Where the Road Leads is, of course, more complicated and personal than a Wild West story transplanted to the Balkan Mountains. Ognjanović’s own history informed the emotions at play in the film. “I started film school in Belgrade a couple years later than my peers,” she says, “because I was initially supposed to go to the U.S. to study. And then, circumstances were what they were, and I wasn’t able to go. So that feeling of not being able to leave the place you’re from, that really stuck with me for a long time.”

“At its core, it is a coming-of-age story.”

That feeling—of restriction, stagnation, suffocation—is personified by the film’s central character Jana (Jana Bjelica), who feverishly navigates her village as if dropped into a maze in the film’s opening sequence. She is desperate to escape, to preserve and protect the only way out she has ever seen. “At its core, it is a coming-of-age story,” Ognjanović says, amending her definition of the film as a Western. “It’s about a girl who, throughout 24 hours, grows up and makes realizations about the world and herself and her hometown that she probably wouldn’t have had the ‘new guy’ not come.”

Ognjanović is open about her influences as a storyteller—“Gabriel García Márquez, the Colombian writer. He’s my number one, so I’m sure that he’s more consciously there, as an influence, than any others.” Indeed, there are hints of Márquez’s magical realist style laced throughout the film: A power outage in the village, which exacerbates many tensions and heightens already strained emotions, begins the moment the “new guy” walks into the town square.

The mountain village of Topli Do, the shooting location for Where the Road Leads, seems almost like it was devised and constructed for the film itself.

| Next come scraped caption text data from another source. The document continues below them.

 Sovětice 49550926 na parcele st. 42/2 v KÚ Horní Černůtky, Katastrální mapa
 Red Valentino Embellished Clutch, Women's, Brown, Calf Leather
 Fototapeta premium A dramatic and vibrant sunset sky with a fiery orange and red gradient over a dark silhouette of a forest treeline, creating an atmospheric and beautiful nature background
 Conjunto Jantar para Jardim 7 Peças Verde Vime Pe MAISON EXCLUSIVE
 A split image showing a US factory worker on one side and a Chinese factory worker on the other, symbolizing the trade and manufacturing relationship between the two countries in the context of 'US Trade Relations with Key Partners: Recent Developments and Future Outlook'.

The setting and its landmarks become familiar to the audience, even navigable, by the end of the film, in the same way that the set of a stage play does by the end of a performance. “It’s, I guess, a 19th-century village,” she says. “For the most part, when we got there, it was preserved and there were very few people still living there. And they were very protective of the place because there’s a river running through. A couple years back the government wanted to interrupt the river for a power plant. And the villagers fought them off!”

So that feeling of not being able to leave the place you’re from, that really stuck with me for a long time.”

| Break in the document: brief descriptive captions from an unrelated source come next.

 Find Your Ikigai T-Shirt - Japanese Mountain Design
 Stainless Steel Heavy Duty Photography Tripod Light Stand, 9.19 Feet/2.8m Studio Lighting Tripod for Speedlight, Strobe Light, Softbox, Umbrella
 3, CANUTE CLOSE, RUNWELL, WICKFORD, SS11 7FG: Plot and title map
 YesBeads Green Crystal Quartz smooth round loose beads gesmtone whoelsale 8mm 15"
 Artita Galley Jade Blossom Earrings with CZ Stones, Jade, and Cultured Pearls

It’s become a cliché almost beyond the point of parody to say that a film’s location is actually one of its central characters, but in a very real sense, Topli Do was a kind of co-writer for Ognjanović—so perfect a discovery was the village that Ognjanović rewrote entire scenes and subplots to better fit the location they had found. “It was the only way it could’ve worked because trying to merge something very specific with another thing that is very specific just would have conflicted. I think it turned out for the best.”

It’s this confluence of emotion, resourcefulness and true ingenuity behind the camera that makes a film like Where the Road Leads exciting. The film is at turns warm, tense and tragic. Its lineage is part John Ford and part anthropological portrait of an isolated community akin to Márquez’s One Hundred Years of Solitude. Its heart, though, is entirely that of Nina Ognjanović. Perhaps this is not where she begins, but for us, her audience, it is where we meet her.